Por: Fernando Calado
(colaborador do Memórias...e outras coisas...)
Levantam-se cedo e vêm ao café. Trazem nos olhos a longa noite bragançana. E falam dos filhos licenciados que a França e a Alemanha acolheram amorosamente. Os filhos regressam sempre pelo natal e de novo partem e somente ficam as infindas ausências. Os da política vendem os sonhos dum país próspero onde corre leite e mel. Os idosos cismam e amaciam solidões.
— A minha mulher era tão bonita! E de novo regressa ao rio Sabor a lavar a roupa. Os filhos aprendem a nadar e a água é tão azul repleta de peixes que brilham nos remansos. Olhos largos onde não cabem todas as memórias.

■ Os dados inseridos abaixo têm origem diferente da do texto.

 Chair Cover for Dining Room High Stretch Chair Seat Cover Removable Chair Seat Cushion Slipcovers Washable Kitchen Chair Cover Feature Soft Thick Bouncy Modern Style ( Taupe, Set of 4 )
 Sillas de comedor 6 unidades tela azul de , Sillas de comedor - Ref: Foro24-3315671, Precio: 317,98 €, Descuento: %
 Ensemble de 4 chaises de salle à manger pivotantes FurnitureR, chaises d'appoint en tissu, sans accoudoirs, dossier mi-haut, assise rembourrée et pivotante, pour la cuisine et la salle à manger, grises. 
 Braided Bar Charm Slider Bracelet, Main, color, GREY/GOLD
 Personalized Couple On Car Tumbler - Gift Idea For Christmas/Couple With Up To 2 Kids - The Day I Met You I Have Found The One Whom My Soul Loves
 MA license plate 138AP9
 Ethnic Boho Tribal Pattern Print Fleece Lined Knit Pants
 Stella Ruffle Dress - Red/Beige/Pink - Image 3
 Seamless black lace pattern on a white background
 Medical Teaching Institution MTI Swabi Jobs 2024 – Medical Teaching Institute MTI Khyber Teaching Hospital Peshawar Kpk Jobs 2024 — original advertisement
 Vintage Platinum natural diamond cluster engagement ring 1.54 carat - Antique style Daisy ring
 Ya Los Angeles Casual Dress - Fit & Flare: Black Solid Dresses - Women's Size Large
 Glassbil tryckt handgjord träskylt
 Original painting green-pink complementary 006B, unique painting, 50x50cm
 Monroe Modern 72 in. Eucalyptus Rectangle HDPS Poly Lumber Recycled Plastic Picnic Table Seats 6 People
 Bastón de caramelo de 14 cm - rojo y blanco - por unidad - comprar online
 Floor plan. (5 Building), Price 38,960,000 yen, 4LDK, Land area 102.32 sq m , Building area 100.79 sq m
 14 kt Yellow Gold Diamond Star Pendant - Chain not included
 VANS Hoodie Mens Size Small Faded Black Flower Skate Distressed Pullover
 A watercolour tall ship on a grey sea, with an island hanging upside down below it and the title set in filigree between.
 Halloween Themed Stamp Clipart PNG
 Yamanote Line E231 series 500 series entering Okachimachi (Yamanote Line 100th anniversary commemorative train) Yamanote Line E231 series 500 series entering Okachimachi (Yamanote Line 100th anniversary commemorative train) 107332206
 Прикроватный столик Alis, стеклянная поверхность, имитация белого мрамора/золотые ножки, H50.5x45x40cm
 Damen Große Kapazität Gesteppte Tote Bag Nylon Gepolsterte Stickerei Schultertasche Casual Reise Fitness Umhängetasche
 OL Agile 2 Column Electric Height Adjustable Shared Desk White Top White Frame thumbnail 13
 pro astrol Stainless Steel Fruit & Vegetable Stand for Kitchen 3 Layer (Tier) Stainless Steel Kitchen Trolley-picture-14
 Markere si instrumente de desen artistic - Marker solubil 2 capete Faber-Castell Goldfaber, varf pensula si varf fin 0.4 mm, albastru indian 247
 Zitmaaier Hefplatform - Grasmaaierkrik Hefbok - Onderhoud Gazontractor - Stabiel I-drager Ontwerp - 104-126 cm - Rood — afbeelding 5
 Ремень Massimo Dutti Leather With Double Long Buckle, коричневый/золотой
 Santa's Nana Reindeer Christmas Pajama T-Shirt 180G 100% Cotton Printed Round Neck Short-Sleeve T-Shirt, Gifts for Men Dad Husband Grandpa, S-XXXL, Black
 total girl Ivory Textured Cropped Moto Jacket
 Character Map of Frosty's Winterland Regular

A nostalgia não adoça o café do desencanto da vida, da precariedade do emprego, da rotina do funcionário público, das infindas partidas da terra que morre à beira dos montes.
Amacia-se a vida no café. Lê-se o jornal. Fala-se da desilusão do futebol sem profundidade, ou da política sem objetivos. Cheira a gel de banho, a champô para a caspa e quase se adivinham os pensamentos em cada mesa, em cada gesto, onde se calam as saudades da aldeia, do toque para a missa dominical, do jogo do fito, da ida à taberna, ou à horta onde se espreita o renovo.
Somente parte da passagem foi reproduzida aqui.